Fitch Ratings: – Auto loans with original terms of 60+ months (longer-term loans) increased in 2012-2013 auto loan ABS transactions versus 2009-2011 pools. Though Fitch Ratings believes the growth of these types of loans could be negative, as they have potential for increased loss severity, we currently view these loans as underwritten to account for this additive risk and do not expect transaction asset performance to be significantly affected.
Overall, there has been a 20% increase in longer-term loans in auto ABS transactions in 2013 since 2010. The use of extended-term loans in nonprime ABS transactions increased with loan pools containing approximately 80% longer-term loans in transactions issued in 2013, up from 67% in 2010. Similarly, in the prime sector these loans comprised 43% of pools securitized in 2013 from 36% in 2010.
In spite of popular belief that ABS securitization business is limited to major “Wall Street” banks, the large regional players love this business even more. In this regulatory environment banks’ ability to build a book of auto loans and then blow out a large portion of it via securitization is particularly appealing.
Fitch Ratings: – … Fitch sees the revival of auto ABS issuance partly as an effort by these banks to gain some regulatory relief on capital and liquidity requirements.
Aside from Huntington Bancshares, few large U.S. regional banks have been frequent issuers of auto ABS paper recently.
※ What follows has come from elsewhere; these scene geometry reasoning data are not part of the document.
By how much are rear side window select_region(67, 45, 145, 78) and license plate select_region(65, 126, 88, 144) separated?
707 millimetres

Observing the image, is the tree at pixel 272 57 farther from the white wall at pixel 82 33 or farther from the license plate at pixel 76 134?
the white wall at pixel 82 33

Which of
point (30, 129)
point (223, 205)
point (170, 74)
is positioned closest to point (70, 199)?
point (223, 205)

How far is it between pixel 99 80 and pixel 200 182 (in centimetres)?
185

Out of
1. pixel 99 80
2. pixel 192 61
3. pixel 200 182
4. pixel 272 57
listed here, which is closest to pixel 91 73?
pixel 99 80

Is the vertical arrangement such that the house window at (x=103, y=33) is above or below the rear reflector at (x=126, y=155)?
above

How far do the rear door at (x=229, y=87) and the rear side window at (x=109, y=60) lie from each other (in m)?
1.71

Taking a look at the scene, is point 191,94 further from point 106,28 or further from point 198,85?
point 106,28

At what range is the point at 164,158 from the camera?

However, Fifth Third, M&T Bank and other lenders have launched new deals. Many of these transactions have been upsized from initially proposed levels.
Banks are likely viewing the openness of the market as an opportunity to swap out less liquid loans for securitizations that stay on the balance sheet but receive more favourable treatment under Basel III with respect to capital and liquidity.
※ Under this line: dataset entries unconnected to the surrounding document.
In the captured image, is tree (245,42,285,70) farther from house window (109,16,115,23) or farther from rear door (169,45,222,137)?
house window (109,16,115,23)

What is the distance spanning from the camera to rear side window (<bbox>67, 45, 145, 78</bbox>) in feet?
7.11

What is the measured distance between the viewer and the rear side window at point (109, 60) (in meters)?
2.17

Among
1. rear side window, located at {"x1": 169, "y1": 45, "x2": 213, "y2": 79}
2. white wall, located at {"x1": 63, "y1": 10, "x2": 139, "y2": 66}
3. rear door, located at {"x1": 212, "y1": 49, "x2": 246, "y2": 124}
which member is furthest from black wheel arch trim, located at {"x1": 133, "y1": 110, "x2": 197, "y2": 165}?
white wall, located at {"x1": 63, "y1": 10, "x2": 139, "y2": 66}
In some cases, the deals have included a large share of banks’ total auto-loan books. For example, collateral in M&T’s recent $1.4 billion ABS transaction represented over 60% of its total auto loans. Fifth Third’s recent $1.3 billion ABS transaction was collateralized by a pool of loans exceeding 10% of the bank’s total auto-loan balance as of June 30.
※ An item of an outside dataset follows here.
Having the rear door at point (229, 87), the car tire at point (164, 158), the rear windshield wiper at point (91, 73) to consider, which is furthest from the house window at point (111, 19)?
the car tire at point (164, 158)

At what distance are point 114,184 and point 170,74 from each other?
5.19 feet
Why do investors love this asset class? There are two key reasons:
1. Consumer ABS loans’ tenor tends to be relatively short. Even a 5-year auto loan is far easier to get comfortable with than a 30-year mortgage.
2. Delinquency rates on ABS have been benign. Prime auto loan delinquencies for example are near historical lows.
Just to put this in perspective, the following chart compares delinquency rates for consumer non-real estate loans (blue) with mortgage loans (red).
This spectacular divergence that started with the housing recession in 2007 persists through today and continues to make ABS assets attractive on a relative basis.